With the maquette described in yesterday's post, I went outside and set it up on a piece of filmmaker's grip equipment called a C-stand. Now I could experiment both with different angles and different light directions and see exactly what was happening with the shadows.
I found some very tiny leaves and put them in the dinosaur's mouth. I wanted to see real leaves to study the transmitted light. I also went to a botanical garden to photograph magnolia leaves, and used those leaf shapes for reference.
Here's the final painting in oil on illustration board. I concentrated detail and dark accents around the eye and the tongue, which in the maquette is curling back to grab the leaves.
The far forest goes way out of focus to subconsciously suggest that this is a wildlife photo. Technically I handled this with white nylon flat brushes after a bristle block-in.
Shallow depth of field is common in wildlife photographs because they are usually shot with telephoto lenses, which have a very narrow focal plane.

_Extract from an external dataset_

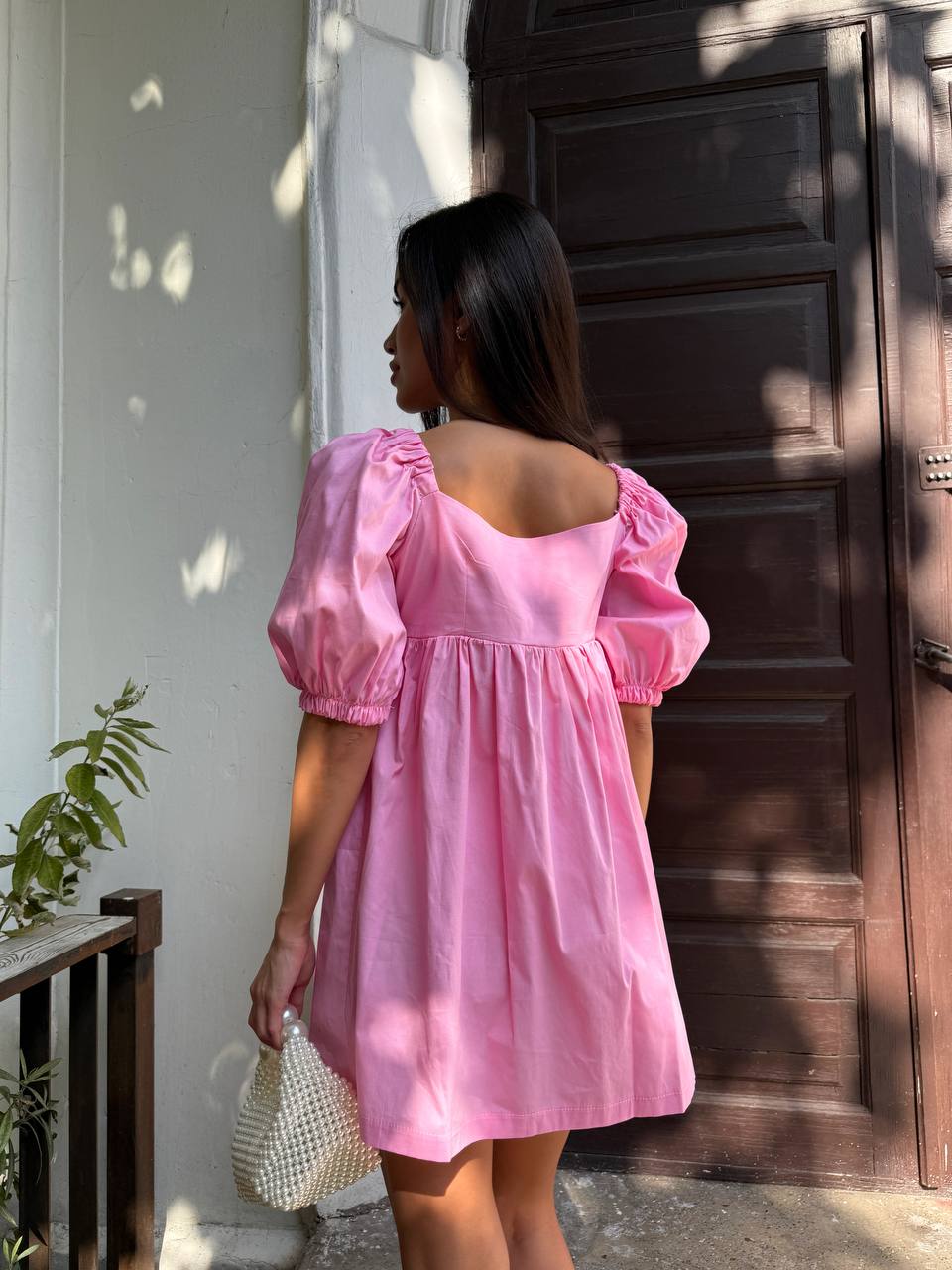 afb43ff3-663e-11f0-8624-dee18ff4e8c0_2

I also used an effect called "bokeh," which I haven't really defined yet on the blog. Bokeh (Wikipedia explanation here) is that cool photographic effect where far away bright highlights or sky holes become circles that increase in size with distance.
Even though I'm a traditional painter, I'm using a lot of photographic effects here quite deliberately to create a photographic impression and to blend the images naturally in Ranger Rick. Although I used those effects, I didn't trace the reference photos because there were a million ways I wanted to improve on them.
A lot of what I've learned about light and color and vision has come from my conversations with professional photographers, who think about imagemaking a little differently than artists usually do. Hope all this stuff isn't too dry and technical.
I'll be heading into New York City today for the Spectrum opening and Art Out Loud, so probably won't post tomorrow.